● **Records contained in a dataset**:
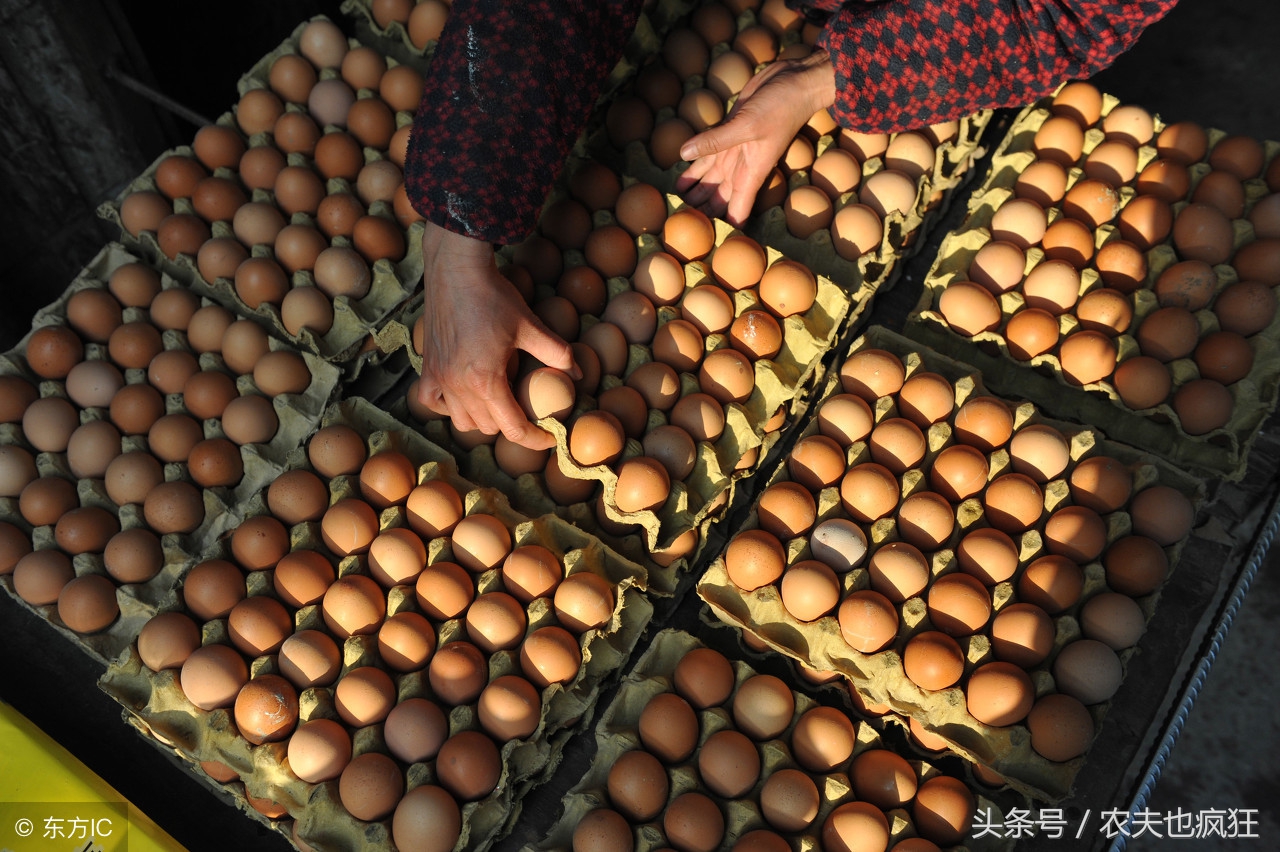 家有万担粮不养扁嘴王是什么意思,家有万担粮不养扁嘴王的意思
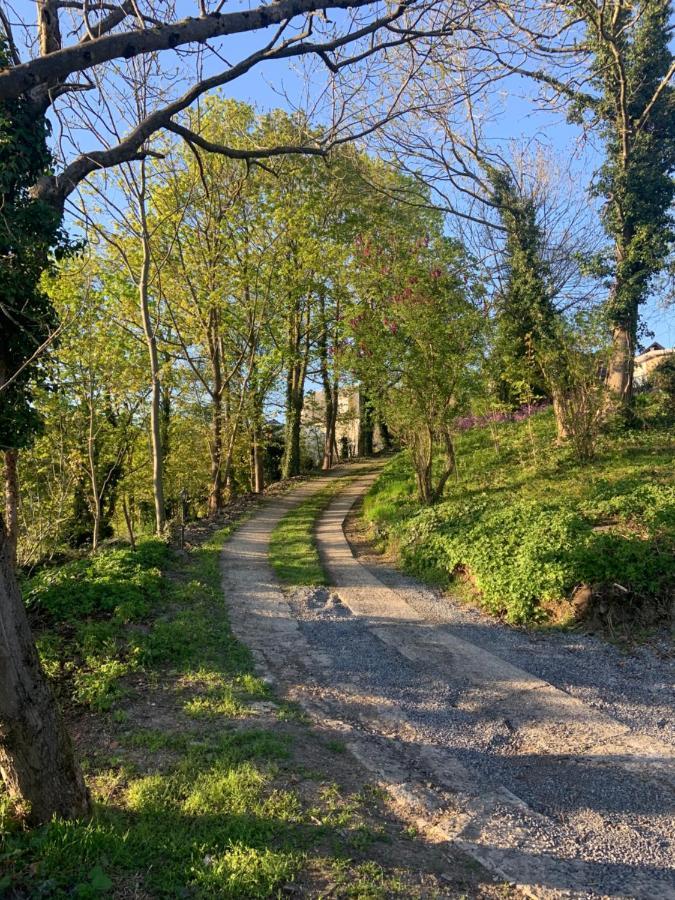 Tino * Verviers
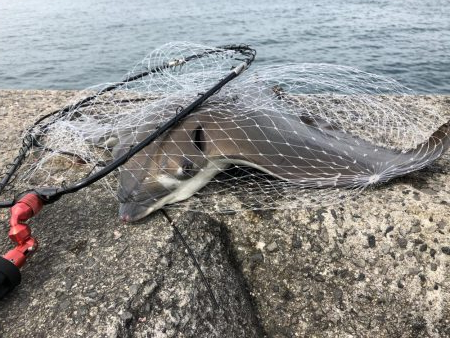 ショアジギング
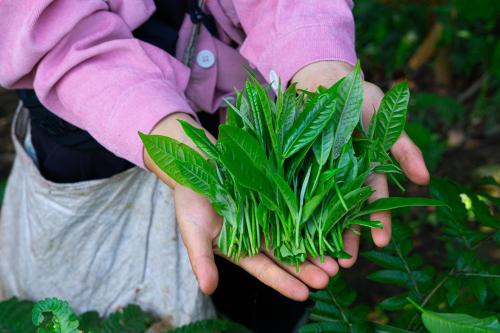 two hands holding a bunch of green plants at Bikki's jungle homestay in Ha Giang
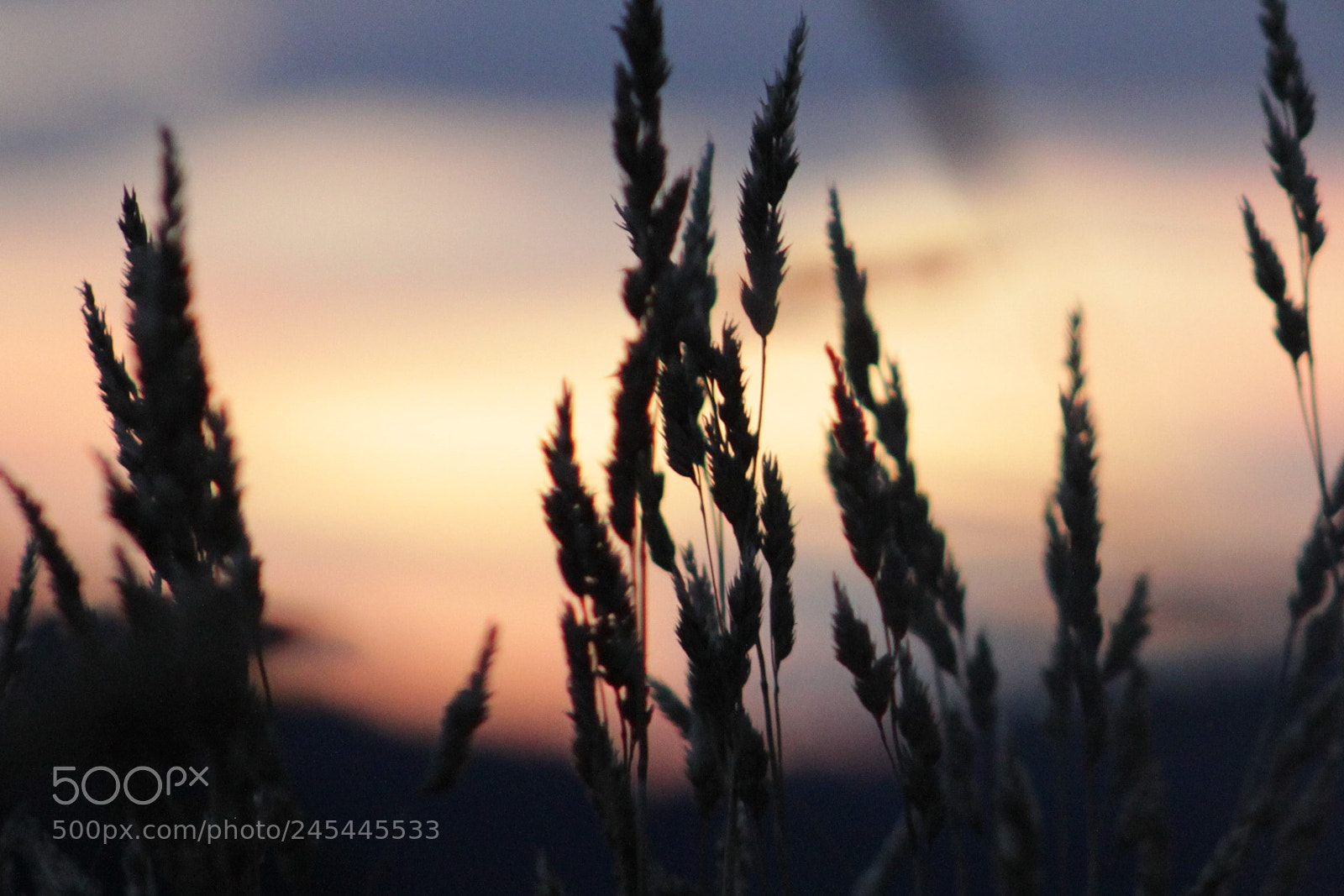 Canon EOS 500D (EOS Rebel T1i / EOS Kiss X3) sample photo. Sunset photography
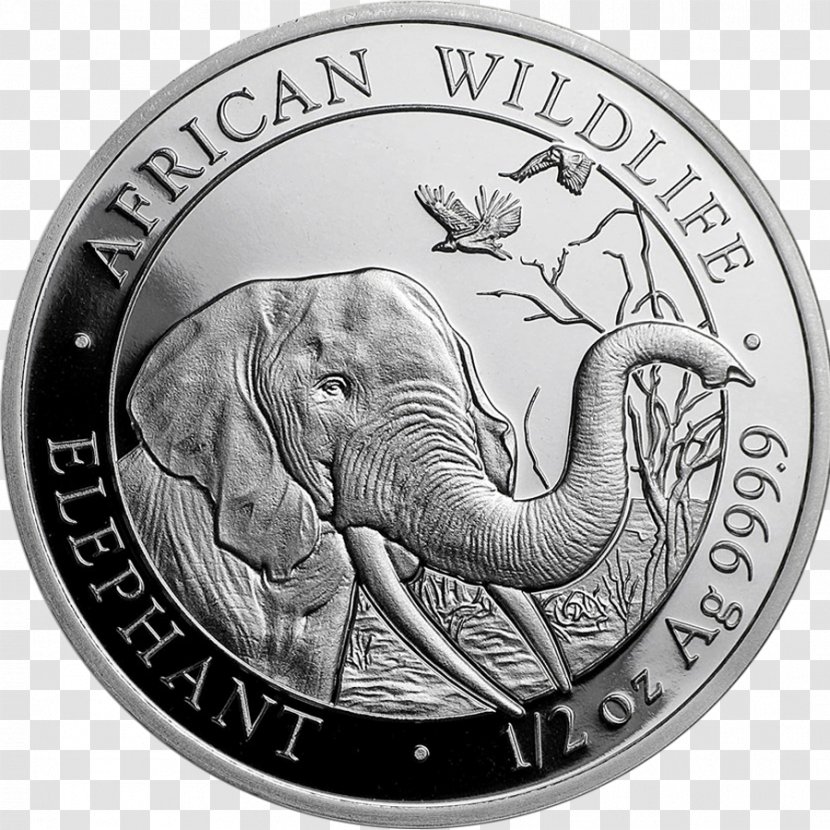 Somalia Bullion Coin Silver - Bar Transparent PNG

● **Exercise**:
Set down exactly, and only, the lines from the one containing "Tino * Verviers" through the last line of the entries. Pictures do not belong in the copy.

● **Response for this exercise**:
 Tino * Verviers
 ショアジギング
 two hands holding a bunch of green plants at Bikki's jungle homestay in Ha Giang
 Canon EOS 500D (EOS Rebel T1i / EOS Kiss X3) sample photo. Sunset photography
 Somalia Bullion Coin Silver - Bar Transparent PNG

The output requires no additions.